Production performance on the book trial (percent correct = 67%) and fish trial (68%) were not significantly different [t(30) = 0.48, p = 0.60]. Therefore, data from both trials were combined for analysis. Among all errors, 66% involved proximal categories, which was significantly higher than chance (31%; p < 0.001, Cohen's h = 0.71; post hoc power = 1.00). This indicates that the errors made by children were likely to be labels for perceptually similar colors.
Proximity analysis of comprehension task
The purpose of the comprehension task, which consisted of a single trial per color word, was to investigate the same “proximity” question as conducted above for the production task. However, overextension could not be analyzed in the comprehension task because it only allowed one response per item. This design prevents us from determining whether children associate a given color word with both its correct referent and other non-target colors, a key requirement for identifying overextensions. Six participants were excluded from this analysis, as they made errors in production but not in comprehension tasks.
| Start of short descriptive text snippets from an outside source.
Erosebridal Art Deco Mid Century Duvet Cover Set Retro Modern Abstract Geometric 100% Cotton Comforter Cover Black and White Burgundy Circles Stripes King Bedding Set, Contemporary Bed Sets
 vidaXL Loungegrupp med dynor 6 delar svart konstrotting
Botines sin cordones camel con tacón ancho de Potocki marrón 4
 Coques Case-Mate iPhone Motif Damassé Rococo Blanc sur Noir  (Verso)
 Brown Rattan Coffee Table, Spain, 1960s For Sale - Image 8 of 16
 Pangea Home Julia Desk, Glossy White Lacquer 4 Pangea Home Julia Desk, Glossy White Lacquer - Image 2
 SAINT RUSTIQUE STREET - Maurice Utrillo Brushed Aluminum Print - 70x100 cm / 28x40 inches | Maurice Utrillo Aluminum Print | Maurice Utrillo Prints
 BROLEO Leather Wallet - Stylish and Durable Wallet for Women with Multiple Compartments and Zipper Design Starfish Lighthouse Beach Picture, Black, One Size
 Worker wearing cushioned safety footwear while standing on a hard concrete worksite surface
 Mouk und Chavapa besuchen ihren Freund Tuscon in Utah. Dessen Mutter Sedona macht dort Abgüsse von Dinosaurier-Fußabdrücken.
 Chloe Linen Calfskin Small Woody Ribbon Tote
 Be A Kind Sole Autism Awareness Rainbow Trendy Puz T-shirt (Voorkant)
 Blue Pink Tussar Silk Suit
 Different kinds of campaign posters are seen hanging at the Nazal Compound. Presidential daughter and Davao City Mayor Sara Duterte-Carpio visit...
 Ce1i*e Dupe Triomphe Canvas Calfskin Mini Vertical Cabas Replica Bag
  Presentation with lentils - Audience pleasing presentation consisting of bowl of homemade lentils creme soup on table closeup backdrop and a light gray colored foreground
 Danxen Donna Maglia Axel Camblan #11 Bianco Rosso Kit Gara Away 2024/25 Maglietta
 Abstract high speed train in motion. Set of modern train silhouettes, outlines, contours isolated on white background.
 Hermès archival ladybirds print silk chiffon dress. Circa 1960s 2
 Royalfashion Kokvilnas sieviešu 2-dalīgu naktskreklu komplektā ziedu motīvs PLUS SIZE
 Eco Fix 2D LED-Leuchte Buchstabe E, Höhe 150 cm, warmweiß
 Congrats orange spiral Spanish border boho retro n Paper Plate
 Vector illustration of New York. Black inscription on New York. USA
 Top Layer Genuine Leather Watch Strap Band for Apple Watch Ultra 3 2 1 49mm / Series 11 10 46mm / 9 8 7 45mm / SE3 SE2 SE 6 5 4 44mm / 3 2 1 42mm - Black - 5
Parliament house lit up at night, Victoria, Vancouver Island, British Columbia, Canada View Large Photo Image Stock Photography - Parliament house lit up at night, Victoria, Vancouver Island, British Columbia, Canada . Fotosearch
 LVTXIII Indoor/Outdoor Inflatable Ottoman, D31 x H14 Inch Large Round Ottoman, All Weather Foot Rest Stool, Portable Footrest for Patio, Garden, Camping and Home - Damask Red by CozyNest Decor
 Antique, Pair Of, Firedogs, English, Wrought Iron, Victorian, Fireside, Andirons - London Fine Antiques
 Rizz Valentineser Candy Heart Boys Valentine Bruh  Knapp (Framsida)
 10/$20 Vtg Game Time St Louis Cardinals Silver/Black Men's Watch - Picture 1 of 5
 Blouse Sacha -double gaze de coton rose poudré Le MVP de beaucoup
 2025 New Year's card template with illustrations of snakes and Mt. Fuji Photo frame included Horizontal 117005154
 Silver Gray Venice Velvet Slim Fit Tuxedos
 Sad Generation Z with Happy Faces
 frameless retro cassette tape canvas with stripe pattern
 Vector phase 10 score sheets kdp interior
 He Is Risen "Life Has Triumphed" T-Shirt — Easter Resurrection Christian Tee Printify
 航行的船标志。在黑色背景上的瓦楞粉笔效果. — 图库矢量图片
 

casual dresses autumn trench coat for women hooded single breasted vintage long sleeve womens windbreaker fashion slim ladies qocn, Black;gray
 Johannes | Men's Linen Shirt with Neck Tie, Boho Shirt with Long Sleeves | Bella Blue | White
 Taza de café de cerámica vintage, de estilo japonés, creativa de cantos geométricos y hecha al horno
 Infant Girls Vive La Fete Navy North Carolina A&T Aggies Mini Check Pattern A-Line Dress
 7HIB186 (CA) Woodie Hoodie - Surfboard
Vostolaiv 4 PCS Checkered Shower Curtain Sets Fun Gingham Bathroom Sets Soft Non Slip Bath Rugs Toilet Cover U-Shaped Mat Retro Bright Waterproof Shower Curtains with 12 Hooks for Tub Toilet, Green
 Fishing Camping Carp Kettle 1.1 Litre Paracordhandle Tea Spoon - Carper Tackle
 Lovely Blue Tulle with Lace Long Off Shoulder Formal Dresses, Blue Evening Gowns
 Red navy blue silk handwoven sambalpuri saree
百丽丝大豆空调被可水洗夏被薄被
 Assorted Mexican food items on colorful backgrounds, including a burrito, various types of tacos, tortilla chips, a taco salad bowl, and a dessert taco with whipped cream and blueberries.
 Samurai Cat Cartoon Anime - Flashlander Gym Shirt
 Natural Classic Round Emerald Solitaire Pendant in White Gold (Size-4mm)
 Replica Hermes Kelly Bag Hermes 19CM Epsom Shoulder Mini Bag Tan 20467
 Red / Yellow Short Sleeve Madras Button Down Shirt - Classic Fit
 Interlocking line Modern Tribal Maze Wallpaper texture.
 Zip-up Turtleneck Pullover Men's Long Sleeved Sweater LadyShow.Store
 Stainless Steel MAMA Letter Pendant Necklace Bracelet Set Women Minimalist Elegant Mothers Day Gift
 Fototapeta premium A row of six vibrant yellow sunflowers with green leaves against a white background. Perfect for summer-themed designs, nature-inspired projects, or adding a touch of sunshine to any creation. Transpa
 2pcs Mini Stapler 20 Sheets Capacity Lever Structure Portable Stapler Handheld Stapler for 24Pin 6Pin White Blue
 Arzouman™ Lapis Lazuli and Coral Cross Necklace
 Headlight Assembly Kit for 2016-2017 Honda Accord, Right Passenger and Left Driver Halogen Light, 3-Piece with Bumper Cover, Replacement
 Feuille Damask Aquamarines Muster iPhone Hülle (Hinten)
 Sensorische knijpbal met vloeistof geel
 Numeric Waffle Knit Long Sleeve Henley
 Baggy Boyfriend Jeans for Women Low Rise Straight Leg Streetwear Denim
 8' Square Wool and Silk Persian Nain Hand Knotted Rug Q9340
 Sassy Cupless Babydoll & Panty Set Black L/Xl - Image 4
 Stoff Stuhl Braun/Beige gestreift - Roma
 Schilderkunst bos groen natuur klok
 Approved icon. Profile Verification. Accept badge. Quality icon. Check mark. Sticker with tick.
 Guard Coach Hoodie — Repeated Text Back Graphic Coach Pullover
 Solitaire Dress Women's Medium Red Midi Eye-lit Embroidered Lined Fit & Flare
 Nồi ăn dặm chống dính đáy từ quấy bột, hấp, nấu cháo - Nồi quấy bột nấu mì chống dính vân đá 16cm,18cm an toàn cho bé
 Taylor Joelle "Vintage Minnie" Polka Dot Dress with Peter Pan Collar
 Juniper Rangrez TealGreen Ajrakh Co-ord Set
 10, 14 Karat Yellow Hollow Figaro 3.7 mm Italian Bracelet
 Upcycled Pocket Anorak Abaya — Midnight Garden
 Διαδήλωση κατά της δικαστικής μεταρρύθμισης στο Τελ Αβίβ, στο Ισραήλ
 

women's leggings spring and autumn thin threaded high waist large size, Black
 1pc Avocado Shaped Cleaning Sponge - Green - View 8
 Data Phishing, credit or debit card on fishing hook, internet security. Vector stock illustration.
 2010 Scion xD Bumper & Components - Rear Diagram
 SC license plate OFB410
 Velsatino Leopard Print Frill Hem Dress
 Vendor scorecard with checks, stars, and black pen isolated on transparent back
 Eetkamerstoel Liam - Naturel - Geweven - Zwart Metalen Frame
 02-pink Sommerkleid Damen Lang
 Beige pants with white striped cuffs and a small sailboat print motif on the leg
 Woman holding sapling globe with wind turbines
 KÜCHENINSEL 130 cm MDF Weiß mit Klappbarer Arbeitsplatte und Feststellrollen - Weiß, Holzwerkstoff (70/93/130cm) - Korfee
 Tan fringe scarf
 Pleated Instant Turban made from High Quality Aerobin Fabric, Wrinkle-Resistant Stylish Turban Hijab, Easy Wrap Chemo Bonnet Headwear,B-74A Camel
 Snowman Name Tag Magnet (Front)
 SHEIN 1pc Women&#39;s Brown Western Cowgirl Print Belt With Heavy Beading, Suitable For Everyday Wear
Among 261 trials from the remaining 23 participants, 82 trials (31%) were errors and were included in the analysis.
As in the production tasks, we accounted for the base rate of errors involving each color stimulus. However, on the comprehension task, our calculation of chance accounted for the base rate of errors that involved each stimulus and the base rate of errors made to a particular request (e.g., red) rather than using the base rate of errors that involved each stimulus and the base rates of incorrect labels produced by the child. This change reflects a structural difference between the tasks: whereas the production task involved child-generated labels, the comprehension task required children to choose a color patch in response to a verbal label. Thus, we based our estimate of chance on the joint probability of selecting a given stimulus in response to a given request. Aside from this difference in how chance was estimated, the analytical procedure followed the same steps as in the proximity analysis of the production task. Consistent with the results from the production task, 36% of the errors in comprehension task involved proximal colors, which was significantly above chance (27%; p < 0.037, Cohen's h = 0.19; post hoc power = 0.42).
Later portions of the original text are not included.